# Information given:
# # # # # # #

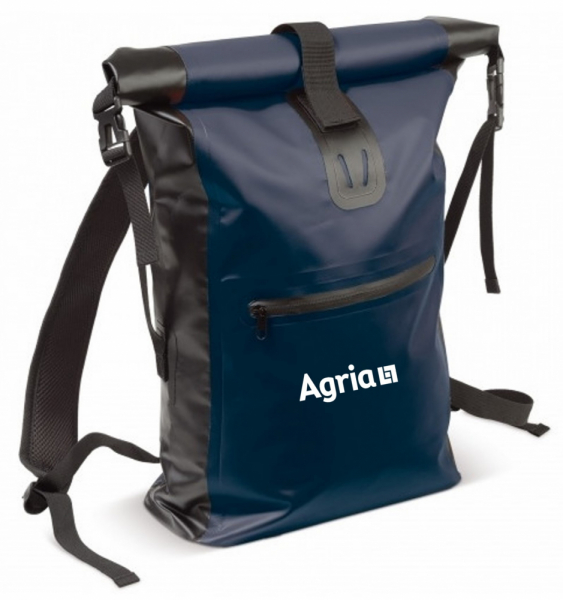 Rucksack Agria 20 L. in der Gruppe Taschen & Accessoires bei Agria Tierversicherung (AGR2263)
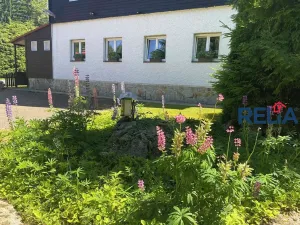 Prodej ubytování, Lučany nad Nisou, 520 m2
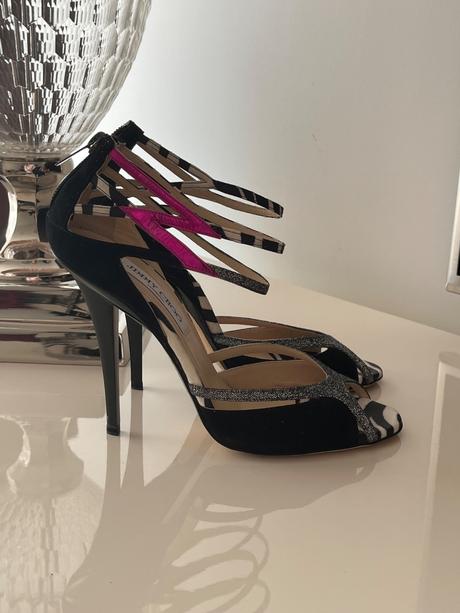 Jimmy choo, jimmy choo,38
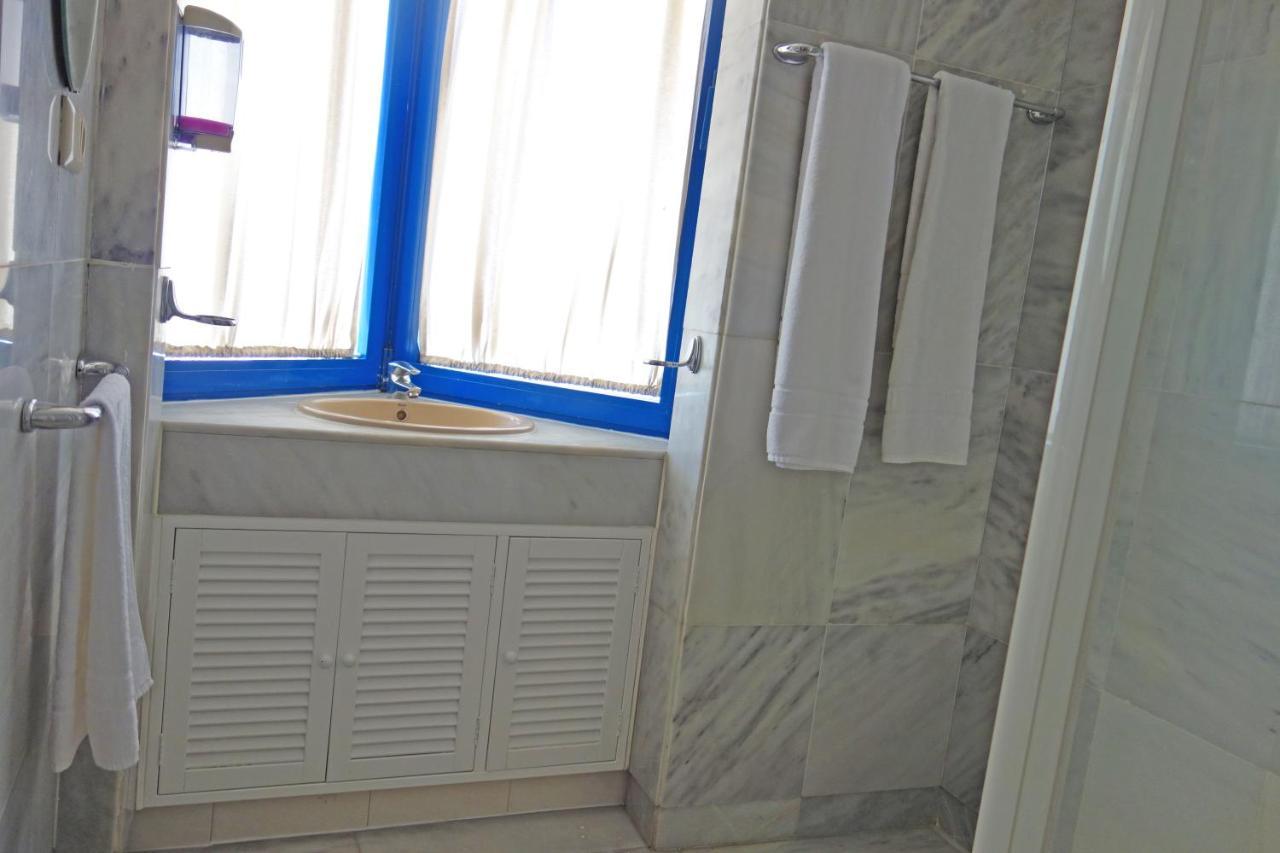Marbella House Penthouse公寓 外观 照片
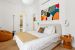 luxury apartment 5 Rooms for sale on PARIS (75008)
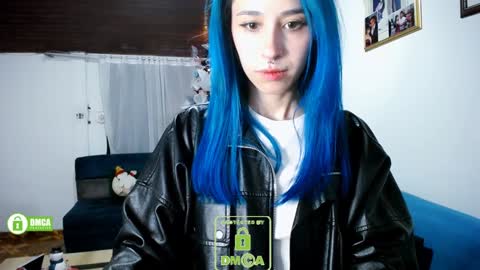 Maca online show from December 2024 10:34:02 PM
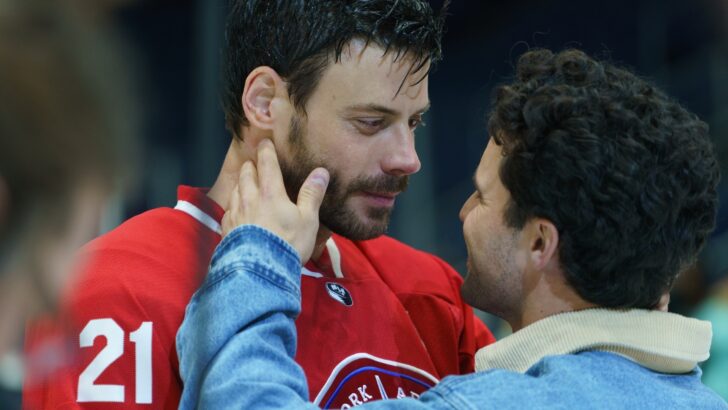 7 Queer Shows To Swoon Over If You Enjoyed Heated Rivalry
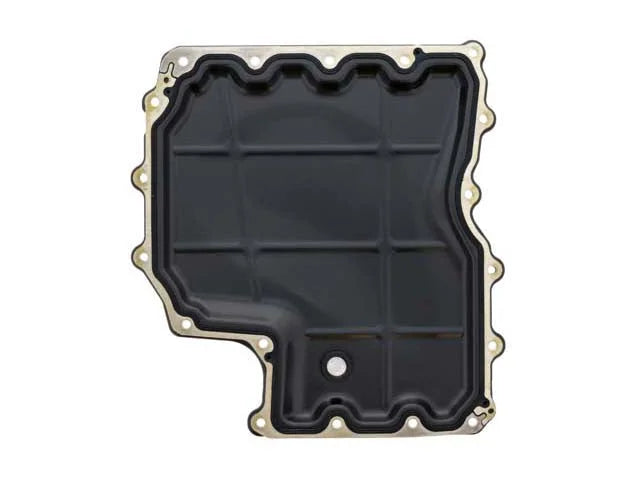 Porsche Engine Oil Pan 948-107-015-25 - Side View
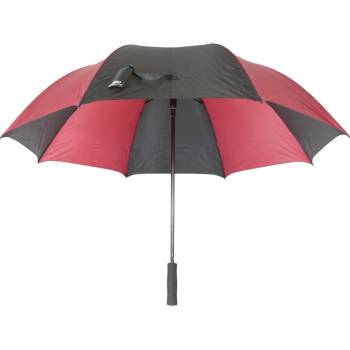 Borderline 13 jumb casavia deštník pánský černý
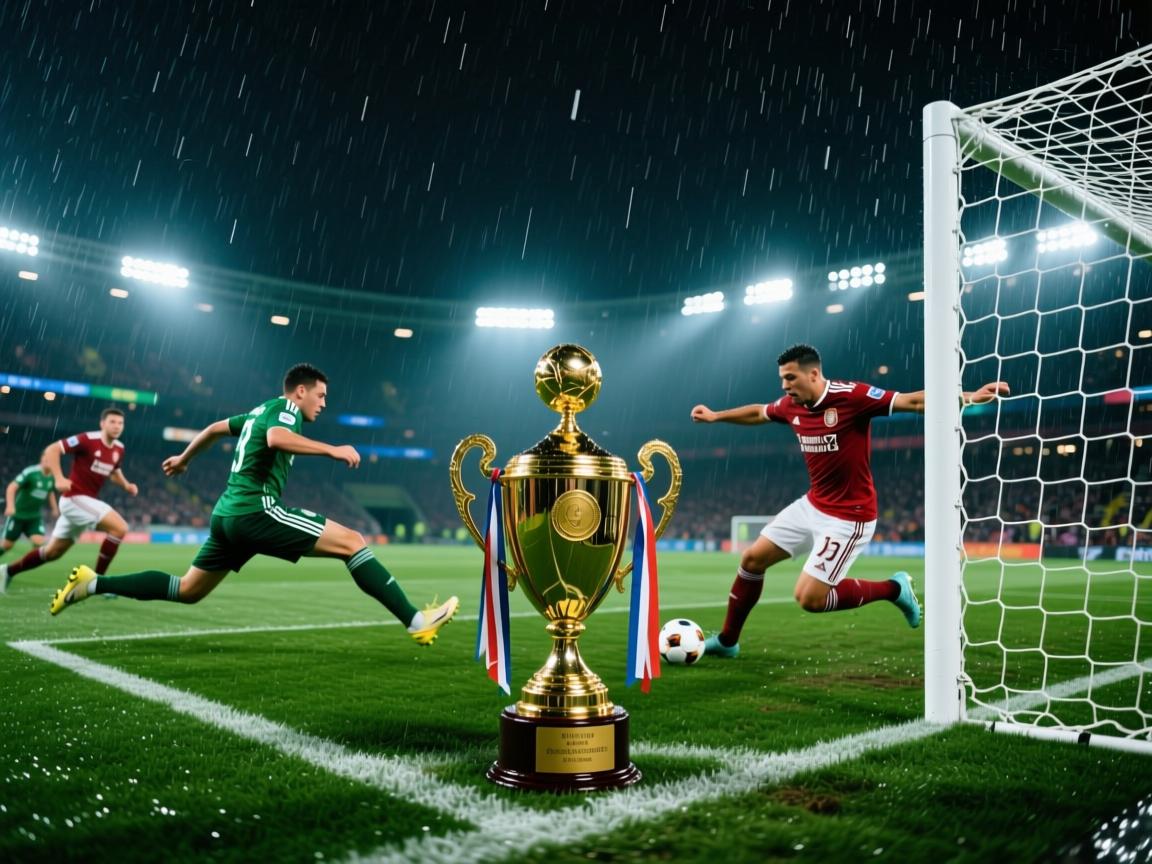 排球赛场焦点！荷兰队对阵澳大利亚队，超级对决，球迷热情点燃赛场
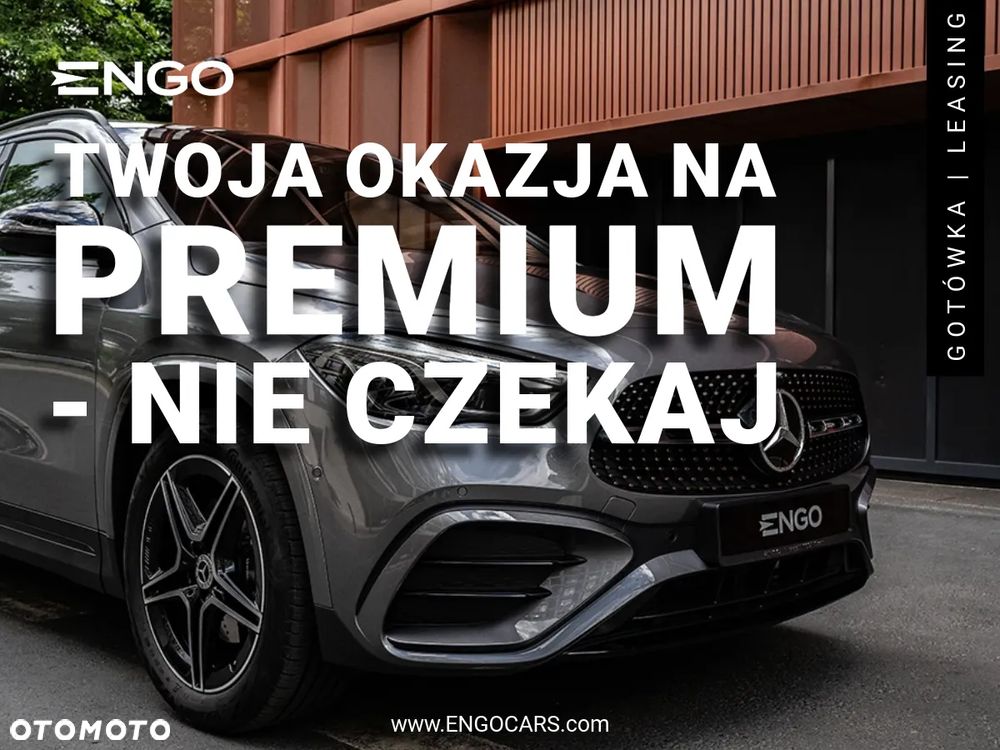 Mercedes-Benz GLA 200 mHEV AMG Line 7G-DCT - 1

# # # # # # #

# Work order:
Output all the material verbatim, skipping every image.

# Expected answer:
 Rucksack Agria 20 L. in der Gruppe Taschen & Accessoires bei Agria Tierversicherung (AGR2263)
 Prodej ubytování, Lučany nad Nisou, 520 m2
 Jimmy choo, jimmy choo,38
Marbella House Penthouse公寓 外观 照片
 luxury apartment 5 Rooms for sale on PARIS (75008)
 Maca online show from December 2024 10:34:02 PM
 7 Queer Shows To Swoon Over If You Enjoyed Heated Rivalry
 Porsche Engine Oil Pan 948-107-015-25 - Side View
 Borderline 13 jumb casavia deštník pánský černý
 排球赛场焦点！荷兰队对阵澳大利亚队，超级对决，球迷热情点燃赛场
 Mercedes-Benz GLA 200 mHEV AMG Line 7G-DCT - 1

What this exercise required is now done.